Economic News - Commercial real estate in disarray

Author: www.ReiBlog.org
Category: News

Fed officials sounding more downbeat

We heard from Atlanta Fed Bank President Lockhart yesterday – certainly seems more negative on the outlook – he said that he expects the economy to be exceptionally soft through mid-year with a muted second-half recovery.
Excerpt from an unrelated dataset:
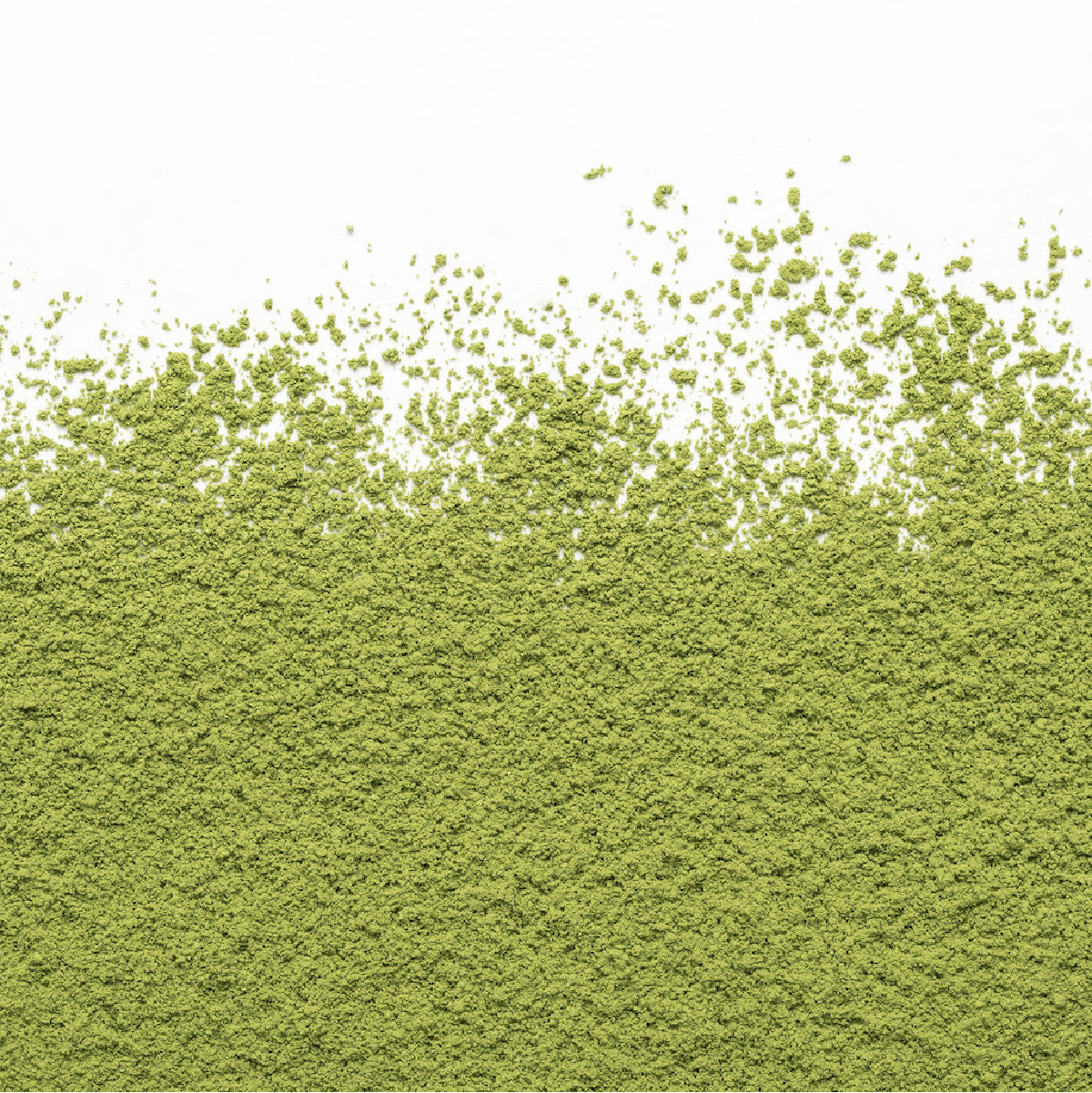 Camellia Sinensis - Matcha Sora (40g tin)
He cited many hurdles that will frustrate a meaningful rebound in coming quarters, and has turned his attention to the sagging fortunes of the commercial real estate market, defaults related to refinancing existing properties, problems in emerging markets and rising trade barriers.
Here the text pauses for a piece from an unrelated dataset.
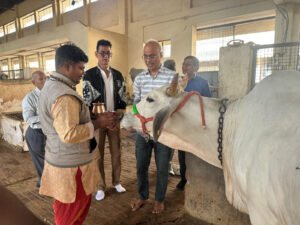 Bhilwara : प्रवासी गो भक्तों ने माधव गौशाला में लापसी खिला की गौसेवा, गोबर गैस प्लांट की सराहना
California home sales surge again; prices slide again

The Dataquick data showed that once again, forced foreclosure sales triggered a 53% jump in SoCal home sales last month; prices meanwhile plunged 40% to a seven-year low.

Commercial real estate in disarray

A report by the National Association of Realtors showed that in 4Q, commercial real estate prices sagged 14.9% from a year ago – the weakest in 12 years.

May want to screen for refinancing risk

If you’re going to start loading up on corporate credit, you may want to screen for refinancing risk: Moody’s said yesterday that US companies have $26 billion of speculative-grade debt coming due this year, $44 billion in 2010 and $120 billion in 2011. The data go back 11 years, and refunding needs have never been this high.

Gold retains its allure

The yellow metal has hung in great even in the face of rising gold scrap coming to the market (+15 YoY) and reduced demand for jewelry (-5.5%). The reality is that gold is regarded as a hedge against both inflation and deflation, zero short-term interest rates, heightened protectionism and currency debasement. Global buying of gold bars and coins in 4Q reached 148.5 tons – an 811% surge from a year ago. Retail investing (304.2 tons) soared 400% – it’s this herd mentality that has our colleague, Rich Bernstein, a tad worried about a mania developing. But speculative fervor is not as evident as it was at the last test of $1,000 in 2007 – at that time, investment flows into ETFs were 150 tons versus 94.7 tons in the latest quarter.